Cooper could hear the slam of Mary Elizabeth hanging up the phone from where he stood, and he tilted his head to the side to try and catch her attention. Virtually the same height, it should have been easy to get her to meet his gaze, but he could not get her to acknowledge him. Despite his hand having traveled up her forearm to weave into her hair at the base of her neck, she still stared into the phone that was now screeching out nothing but dial tone. He reached with his other hand and plucked the phone away and hung it back on the receiver.
“Another one of her dreams?” Cooper asked, and she nodded, dropping to sit on the bed with a sigh.
“She’s convinced the world is ending first thing in the morning, and she will not rest until everyone is safe at our house,” she said as she went to pick the phone back up so she could start dialing her elder sister’s home number. Cooper gave an eye roll and a groan of annoyance before placing his hand over hers to stop her. She looked at him in confusion before adding, “I’ll pay you back for the long-distance call charges.”
“Don’t worry about that. You aren’t really gonna drop everything to feed into another one of Mary Elizabeth’s delusions, are you? You deserve to have a life, too.” Cooper said as he removed his hand so he could sit beside her, “I just got you back out here after everything that happened, and you’re just gonna leave again?”
“Yeah, if Nora can front me the airfare. Besides, you didn’t just “get me back.” We’ve barely left this hotel room for the entire two weeks I’ve been here thus far,” she said as she nudged him in the ribs with her elbow. Desperate for any kind of levity she could find. He sighed in defeat, but he still put an arm around her shoulder and placed a kiss to her temple.
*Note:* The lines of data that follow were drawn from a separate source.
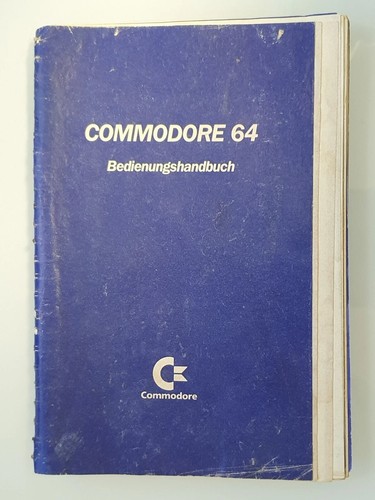 Manuale istruzioni commodore - manuale,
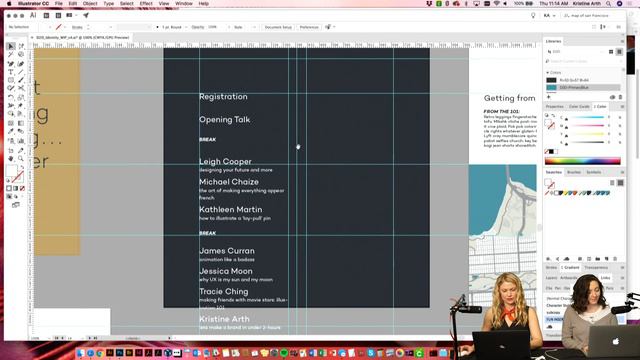 Live Graphic Design, Branding & Identity with Kristine Arth - 3 of 3 | Adobe Creative Cloud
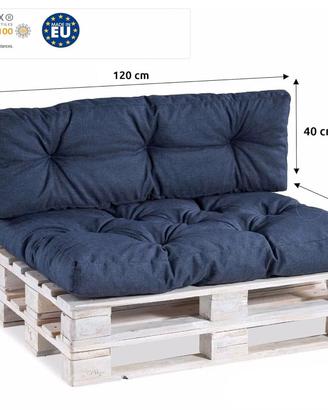 cuscini per pallet cuscini per divani da giardino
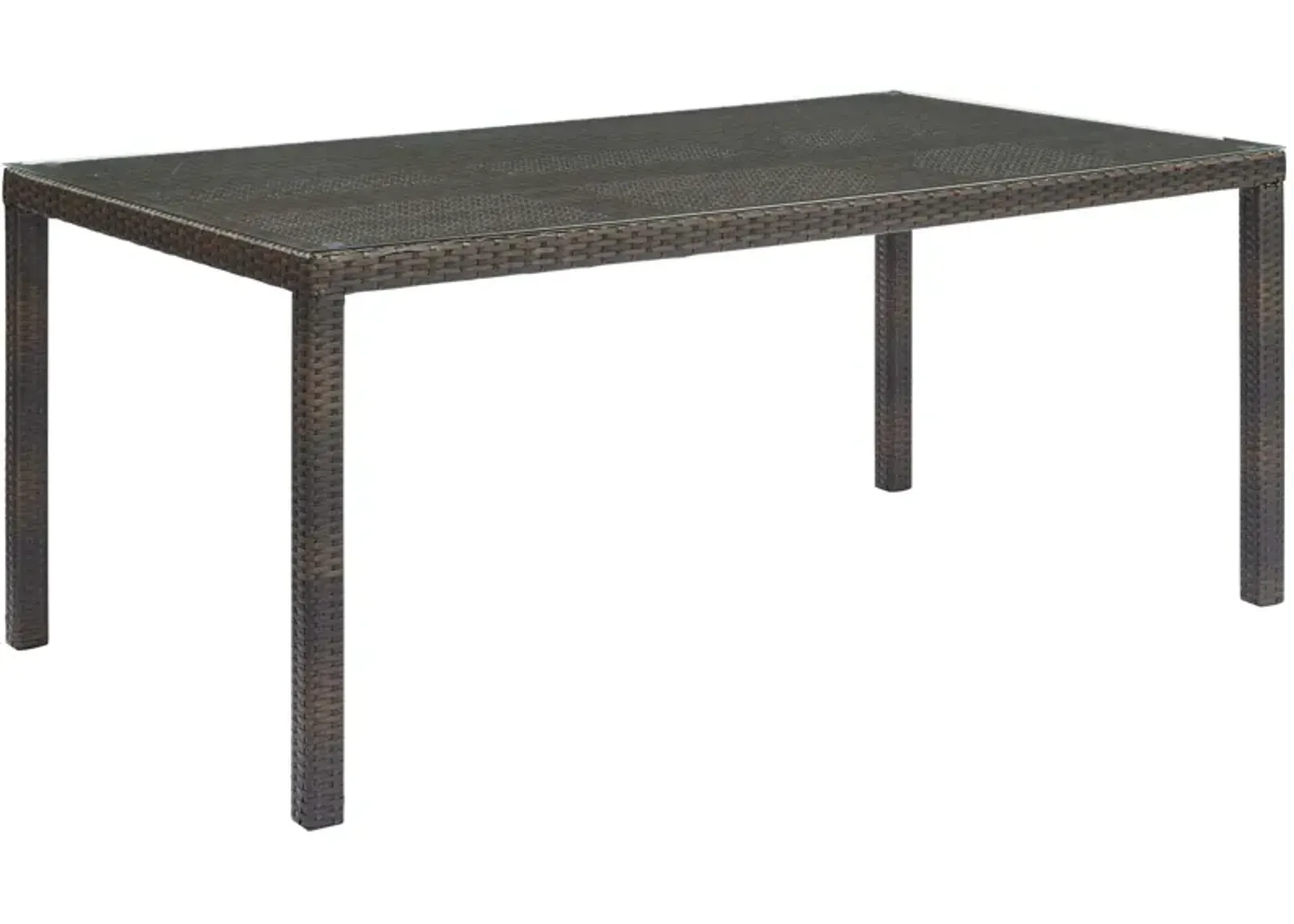 Modway - Conduit 70" Outdoor Patio Wicker Rattan Dining Table Brown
“Not nearly long enough. Just tell Nora what’s goin’ on, while I take Roosevelt out for a quick walk. Then, I’ll go pull the car around and take you to the airport myself. I’ll even pay for whatever ticket gets you home the fastest,” he said, squeezing the top of her thigh before he stood up to walk toward the door.
“Just cool your jets for one second, Hollywood. Let me talk to Nora, and then we can see when the next flight leaves,” she said as she dialed her sister's number, a sly smile tugging at the corner of her mouth, despite her anxiety about the chaos happening around her, “We might actually have time for a halfway decent goodbye this time around.”
Saturday, October 23, 2077
Lena managed to catch the very last flight out of LAX to New Orleans at 1 am. By the time she had flown to Louisiana, gotten her motorcycle out of long-term parking, and ridden the two and a half hours back to their home, it was already well past sunrise. Mary Elizabeth met her at the door, talking fast and incoherently.
“We have to leave soon or we will miss our place in the vault,” she told her sister as she started handing her bags of clothing, food supplies, and, most confusingly, a random pouch full of what looked like old bottle caps. She held them in her hand with an exhausted and annoyed expression.
“Emmy, I just walked in the door. Have you been awake all night?” she asked her as she chucked everything to the floor. She didn’t even bother to unlace her steel-toed boots, as her sister looked more unwell than she had ever seen her. She was always a little on the willowy side, but she still looked noticeably thinner than she was just two weeks ago; her eyes were sunken in and surrounded by incredibly dark purple under-eye circles. Frantically, she paced around the house. She may have had her moments, but she was never this bad. This was starting to resemble full-blown psychosis.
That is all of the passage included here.